The sums of first n terms satisfy `(S1_n)/(S2_n) = (3n + 8) : (7n + 15)`, with `S_n = n/2 [2a + (n - 1)d]`.
Step-wise calculation:
1. Write ratio of sums using Sn formula:
`(n/2 (2a_1 + (n - 1)d_1))/(n/2 (2a_2 + (n - 1)d_2)) = (3n + 8)/(7n + 15)`
⇒ `(2a_1 + (n - 1)d_1)/(2a_2 + (n - 1)d_2) = (3n + 8)/(7n + 15)`
2. To get the ratio of the mth terms, Tm = a + (m – 1)d.

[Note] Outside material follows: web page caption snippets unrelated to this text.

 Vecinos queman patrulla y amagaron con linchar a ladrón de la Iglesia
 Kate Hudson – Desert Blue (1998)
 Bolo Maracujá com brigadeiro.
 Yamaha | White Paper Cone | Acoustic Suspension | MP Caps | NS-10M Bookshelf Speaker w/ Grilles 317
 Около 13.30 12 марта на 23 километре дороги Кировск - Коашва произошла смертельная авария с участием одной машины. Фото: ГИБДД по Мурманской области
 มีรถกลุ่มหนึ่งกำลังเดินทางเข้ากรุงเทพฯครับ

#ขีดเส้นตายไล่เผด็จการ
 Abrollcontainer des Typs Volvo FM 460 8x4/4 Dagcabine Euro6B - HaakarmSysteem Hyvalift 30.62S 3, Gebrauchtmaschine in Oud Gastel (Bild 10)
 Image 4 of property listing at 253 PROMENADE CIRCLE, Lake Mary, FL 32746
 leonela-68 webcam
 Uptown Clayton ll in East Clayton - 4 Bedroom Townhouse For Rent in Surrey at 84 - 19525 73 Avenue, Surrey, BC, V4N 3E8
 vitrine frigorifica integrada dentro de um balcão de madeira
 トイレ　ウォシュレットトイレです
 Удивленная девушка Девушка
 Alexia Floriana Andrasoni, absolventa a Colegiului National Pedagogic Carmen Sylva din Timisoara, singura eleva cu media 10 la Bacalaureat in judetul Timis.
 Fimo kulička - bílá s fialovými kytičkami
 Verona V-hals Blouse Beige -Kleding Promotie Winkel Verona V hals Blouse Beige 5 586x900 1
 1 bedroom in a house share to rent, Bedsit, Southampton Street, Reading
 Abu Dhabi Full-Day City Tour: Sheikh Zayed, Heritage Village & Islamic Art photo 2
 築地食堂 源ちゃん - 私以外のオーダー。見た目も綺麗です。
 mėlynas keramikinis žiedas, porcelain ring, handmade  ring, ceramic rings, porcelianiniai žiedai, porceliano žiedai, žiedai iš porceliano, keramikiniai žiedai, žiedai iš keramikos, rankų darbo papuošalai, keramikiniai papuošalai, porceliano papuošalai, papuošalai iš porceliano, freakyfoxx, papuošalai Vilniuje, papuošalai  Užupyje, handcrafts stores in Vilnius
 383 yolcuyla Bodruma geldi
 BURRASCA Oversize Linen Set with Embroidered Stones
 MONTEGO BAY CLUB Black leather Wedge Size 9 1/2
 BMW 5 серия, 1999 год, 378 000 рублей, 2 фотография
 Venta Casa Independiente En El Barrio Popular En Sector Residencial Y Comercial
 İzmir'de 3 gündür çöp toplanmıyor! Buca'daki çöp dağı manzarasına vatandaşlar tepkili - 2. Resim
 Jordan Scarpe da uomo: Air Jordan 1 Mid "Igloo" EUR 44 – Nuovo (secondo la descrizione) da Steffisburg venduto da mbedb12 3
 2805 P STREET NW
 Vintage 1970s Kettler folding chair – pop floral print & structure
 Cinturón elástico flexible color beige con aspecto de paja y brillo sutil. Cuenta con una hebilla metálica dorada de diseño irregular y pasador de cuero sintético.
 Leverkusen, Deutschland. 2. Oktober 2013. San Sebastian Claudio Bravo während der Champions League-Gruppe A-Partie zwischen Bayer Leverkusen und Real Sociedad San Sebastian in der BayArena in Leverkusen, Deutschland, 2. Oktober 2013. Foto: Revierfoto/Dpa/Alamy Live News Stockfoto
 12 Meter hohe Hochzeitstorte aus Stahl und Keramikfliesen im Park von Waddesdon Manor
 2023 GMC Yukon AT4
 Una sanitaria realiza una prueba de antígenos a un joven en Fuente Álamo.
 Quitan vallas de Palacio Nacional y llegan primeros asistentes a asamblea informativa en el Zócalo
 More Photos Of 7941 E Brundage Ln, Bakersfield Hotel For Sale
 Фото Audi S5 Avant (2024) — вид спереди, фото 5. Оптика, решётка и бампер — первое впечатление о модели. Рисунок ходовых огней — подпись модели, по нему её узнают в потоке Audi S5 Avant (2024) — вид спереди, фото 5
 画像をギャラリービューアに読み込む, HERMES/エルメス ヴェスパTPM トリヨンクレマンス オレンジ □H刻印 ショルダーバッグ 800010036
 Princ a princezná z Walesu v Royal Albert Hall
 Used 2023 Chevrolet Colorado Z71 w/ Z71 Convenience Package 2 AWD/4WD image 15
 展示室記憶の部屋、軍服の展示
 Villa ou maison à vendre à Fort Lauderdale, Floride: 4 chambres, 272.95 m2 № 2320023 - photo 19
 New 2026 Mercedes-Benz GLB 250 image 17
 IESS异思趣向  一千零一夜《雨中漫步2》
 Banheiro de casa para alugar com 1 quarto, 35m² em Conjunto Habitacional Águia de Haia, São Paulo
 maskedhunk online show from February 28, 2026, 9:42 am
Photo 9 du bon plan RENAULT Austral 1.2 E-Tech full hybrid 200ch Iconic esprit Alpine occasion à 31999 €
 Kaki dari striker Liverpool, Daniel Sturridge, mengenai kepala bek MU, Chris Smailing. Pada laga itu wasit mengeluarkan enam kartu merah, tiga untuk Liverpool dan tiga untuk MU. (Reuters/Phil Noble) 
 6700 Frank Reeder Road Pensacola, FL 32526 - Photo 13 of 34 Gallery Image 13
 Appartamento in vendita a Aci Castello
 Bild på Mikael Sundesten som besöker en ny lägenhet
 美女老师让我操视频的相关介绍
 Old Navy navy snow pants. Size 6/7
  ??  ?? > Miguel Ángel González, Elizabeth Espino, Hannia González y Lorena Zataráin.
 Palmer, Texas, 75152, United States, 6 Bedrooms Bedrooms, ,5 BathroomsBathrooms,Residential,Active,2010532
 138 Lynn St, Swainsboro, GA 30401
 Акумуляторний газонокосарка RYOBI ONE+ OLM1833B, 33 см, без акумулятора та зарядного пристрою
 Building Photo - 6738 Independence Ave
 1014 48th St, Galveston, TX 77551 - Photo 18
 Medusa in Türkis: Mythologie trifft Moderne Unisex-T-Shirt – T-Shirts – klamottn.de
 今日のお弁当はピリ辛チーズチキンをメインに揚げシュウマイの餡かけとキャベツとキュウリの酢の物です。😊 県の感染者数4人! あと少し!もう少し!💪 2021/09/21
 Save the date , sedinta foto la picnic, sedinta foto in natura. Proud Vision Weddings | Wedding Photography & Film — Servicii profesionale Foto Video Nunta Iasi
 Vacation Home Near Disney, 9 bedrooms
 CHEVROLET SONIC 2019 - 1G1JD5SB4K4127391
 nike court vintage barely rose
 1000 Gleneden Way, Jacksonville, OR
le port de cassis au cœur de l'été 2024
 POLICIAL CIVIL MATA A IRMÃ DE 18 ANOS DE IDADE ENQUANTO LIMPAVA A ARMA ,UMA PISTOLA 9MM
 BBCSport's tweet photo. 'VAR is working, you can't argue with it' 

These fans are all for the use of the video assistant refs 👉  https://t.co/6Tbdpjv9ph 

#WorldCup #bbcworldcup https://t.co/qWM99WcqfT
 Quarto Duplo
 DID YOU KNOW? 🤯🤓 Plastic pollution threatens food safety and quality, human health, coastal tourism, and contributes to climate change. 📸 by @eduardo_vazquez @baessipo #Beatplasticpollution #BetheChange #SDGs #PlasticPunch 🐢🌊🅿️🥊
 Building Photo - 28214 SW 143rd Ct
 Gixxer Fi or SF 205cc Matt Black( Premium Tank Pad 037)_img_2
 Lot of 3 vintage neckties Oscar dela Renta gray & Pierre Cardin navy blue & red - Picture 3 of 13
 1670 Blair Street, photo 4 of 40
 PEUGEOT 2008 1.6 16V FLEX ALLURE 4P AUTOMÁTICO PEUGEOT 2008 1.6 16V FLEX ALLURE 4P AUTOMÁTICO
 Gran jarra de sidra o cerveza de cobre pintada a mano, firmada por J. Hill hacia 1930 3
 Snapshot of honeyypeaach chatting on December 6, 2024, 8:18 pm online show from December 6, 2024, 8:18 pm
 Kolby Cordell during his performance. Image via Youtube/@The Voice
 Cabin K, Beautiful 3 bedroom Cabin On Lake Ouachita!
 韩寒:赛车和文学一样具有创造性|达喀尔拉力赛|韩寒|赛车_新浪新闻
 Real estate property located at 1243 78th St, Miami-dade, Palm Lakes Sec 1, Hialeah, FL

Substitute n = 2m – 1 so that 2a + (n – 1)d = 2a + (2m – 2)d = 2[a + (m – 1)d].
Thus, `(a_1 + (m - 1)d_1)/(a_2 + (m - 1)d_2)`
= `(3(2m - 1) + 8)/(7(2m - 1) + 15)`
= `(6m + 5)/(14m + 8)`
3. For the 12th terms (m = 12):
Ratio = (6 × 12 + 5) : (14 × 12 + 8) = 77 : 176.
Simplify by gcd 11 → 7 : 16.
The ratio of their 12th terms is 7 : 16.